> Data

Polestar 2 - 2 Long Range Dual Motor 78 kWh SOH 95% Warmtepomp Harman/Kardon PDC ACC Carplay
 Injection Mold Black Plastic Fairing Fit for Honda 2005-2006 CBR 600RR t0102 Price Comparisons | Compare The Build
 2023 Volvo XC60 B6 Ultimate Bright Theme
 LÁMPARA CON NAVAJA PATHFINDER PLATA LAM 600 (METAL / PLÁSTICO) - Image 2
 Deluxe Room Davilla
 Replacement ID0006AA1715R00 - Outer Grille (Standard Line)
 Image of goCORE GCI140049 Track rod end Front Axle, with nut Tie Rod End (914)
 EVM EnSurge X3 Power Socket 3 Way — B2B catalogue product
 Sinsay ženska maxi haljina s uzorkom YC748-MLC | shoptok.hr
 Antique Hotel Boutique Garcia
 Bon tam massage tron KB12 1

> Your goal
Everything from the first line of the data through the line containing "2023 Volvo XC60 B6 Ultimate Bright Theme" should be echoed exactly. Add nothing.

> Exercise output
Polestar 2 - 2 Long Range Dual Motor 78 kWh SOH 95% Warmtepomp Harman/Kardon PDC ACC Carplay
 Injection Mold Black Plastic Fairing Fit for Honda 2005-2006 CBR 600RR t0102 Price Comparisons | Compare The Build
 2023 Volvo XC60 B6 Ultimate Bright Theme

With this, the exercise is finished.